1.2275686-3634829199
Image Credit: Ramachandra Babu/©Gulf News

When legendary Washington Post journalist Bob Woodward turned his attention in 1991 to a telling of the events that led to the First Gulf War, it was critical that he sit with General Colin Powell, then the chairman of the US joint chiefs-of-staff.

The story goes that he agreed to talk with the Pulitzer Prize-winning journalist, but Powell’s wife advised strongly against it, urging him to be very careful. Powell went ahead and spoke anyway.

“Woodward had the disarming voice and manner of a Boy Scout offering to help an old lady across the street,” Powell later observed in his autobiography. Nearly three decades may have passed since that wry observation, but Woodward is still using all the charm of a Boy Scout to disarm and ultimately inform, as his latest book Fear: Trump in the White House does.

The book offers a worrying and highly detailed perspective of the siege mentality and personalities clashing in the current White House administration, with United States President Donald Trump dismissing him and it as a “con”.

The reality, though, is that Woodward, is truly an “icon”.
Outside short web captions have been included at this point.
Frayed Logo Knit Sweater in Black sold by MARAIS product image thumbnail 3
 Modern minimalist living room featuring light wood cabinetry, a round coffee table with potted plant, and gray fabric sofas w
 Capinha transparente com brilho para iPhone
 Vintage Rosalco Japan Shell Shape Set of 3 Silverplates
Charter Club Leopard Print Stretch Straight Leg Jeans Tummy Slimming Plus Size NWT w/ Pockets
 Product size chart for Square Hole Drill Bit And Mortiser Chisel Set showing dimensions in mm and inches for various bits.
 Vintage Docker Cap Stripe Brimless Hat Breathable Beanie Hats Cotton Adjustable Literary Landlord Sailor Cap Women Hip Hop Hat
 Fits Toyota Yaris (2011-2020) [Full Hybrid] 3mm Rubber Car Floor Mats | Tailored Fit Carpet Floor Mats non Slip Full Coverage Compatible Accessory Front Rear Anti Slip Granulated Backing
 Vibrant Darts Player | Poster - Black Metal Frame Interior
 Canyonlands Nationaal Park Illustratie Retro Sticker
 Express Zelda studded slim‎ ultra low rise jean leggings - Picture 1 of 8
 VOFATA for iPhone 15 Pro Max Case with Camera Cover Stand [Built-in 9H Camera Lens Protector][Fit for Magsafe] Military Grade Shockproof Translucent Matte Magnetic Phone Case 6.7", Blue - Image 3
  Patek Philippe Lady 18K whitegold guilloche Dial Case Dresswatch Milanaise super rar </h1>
Some 35 years ago, for this young journalism student, All the President’s Men was mandatory viewing on reporting and the use of sources. That 1976 movie, starring Robert Redford as Woodward and Dustin Hoffman as Carl Bernstein, details the events and reporting that led to the resignation of former US president Richard Nixon in the wake of the Watergate break-in and subsequent cover-up attempts by the White House. It came two years after the Woodward and Bernstein book that told the story of how their basic reporting, following the money, digging a little deeper, talking to people and knocking on doors ultimately led all the way back to the Oval Office — and the tape recording system there. And when there was a roadblock, Deep Throat, a source who knew details of the cover-up, was there to point — and developing those sources and building trust and credibility is one of the most challenging aspects of journalism.

Today, many journalists are reluctant to leave an office, instead doing research from a laptop — “churnalism” as I like to describe it. For Nixon, who famously sat with David Frost in a series of televised interviews, Woodward was the reason former first lady Pat Nixon suffered a stroke and ultimately died, and spoke of the journalist with visceral hatred to the day he passed on.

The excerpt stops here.